The charter as adopted consisted of twenty-seven sections.



Section one is simply a declaration that the town of Knoxville is incorporated.

Sections two and three refer to the powers vested in the corporation, and the legislative authority which is vested in a mayor and board of alderman. Sections from three to twenty have reference to the duties of officers, elections, etc.

Section twenty limits tax levies for corporation purposes to one-eighth of one per cent.

The remaining sections have reference to collection of taxes, time of holding elections, amendments. The charter is signed by E. W. Ridlen, J. M. Walters and Charles Burham.

We are unable to give the names of the first officers elected under the charter, but the following is the list of mayors from 1857 till the present time:

1857-1859-E. G. Stanfield. 1859-1860-H. D. Gibson. 1864-J. L

McCormack. 1865-E. G. Stanfield and N. J. Hodges. 1866-1868-B. F. Williams. 1868-1870-W. B. Carruthers. 1870-E. W. McJunkin. 1871-1873--C. B. Boydston. 1873-G. K. Hart. 1874-1878-George W. Crozier. 1878-1880-J. K. 'Casey. 1880--B. W. Clark.

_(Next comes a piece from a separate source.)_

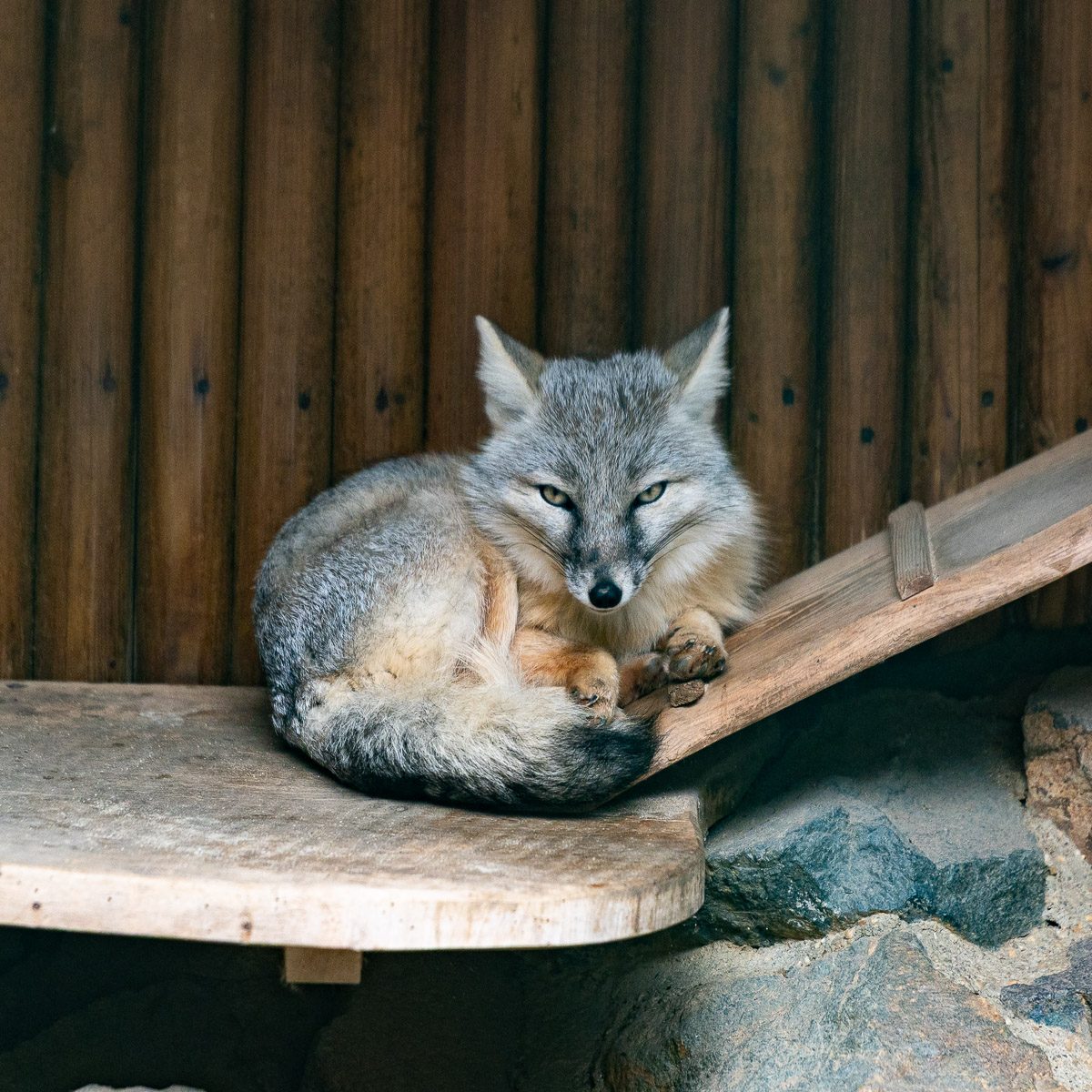 Korsakfuchs im Tierpark Gera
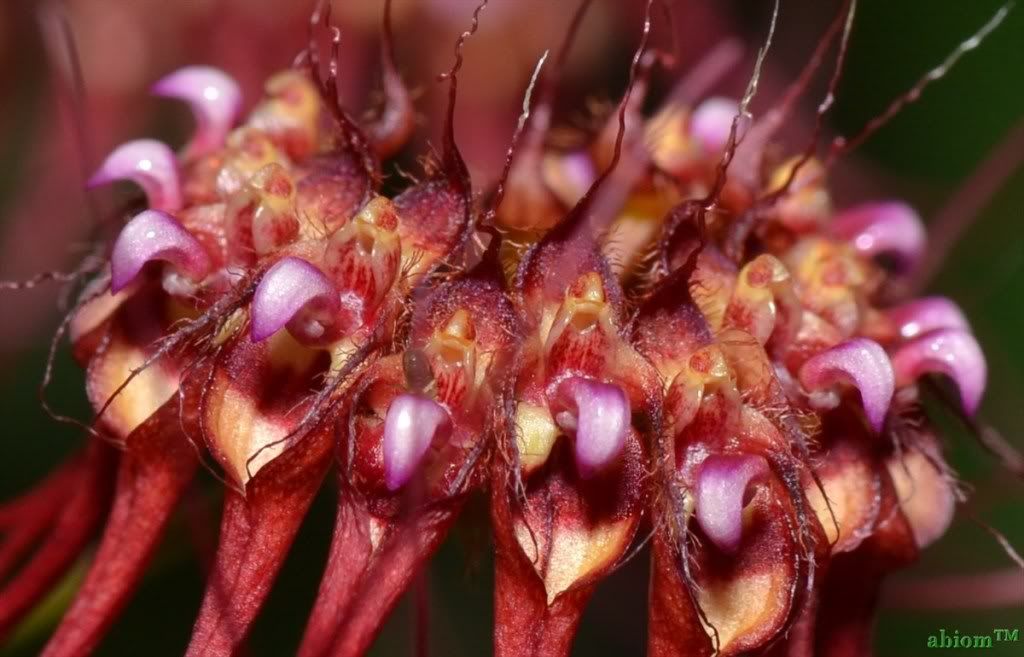 Bulbophyllum gracillimum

No saloons have been licensed since the incorporation of the town. In 1872 some men established a beer saloon just outside the corporation. The corporate limits were extended so as to include all the area within one mile from the center, thus compelling the beer saloon to change its quarters.

The following financial statement will show the state of finances some twenty-three years ago.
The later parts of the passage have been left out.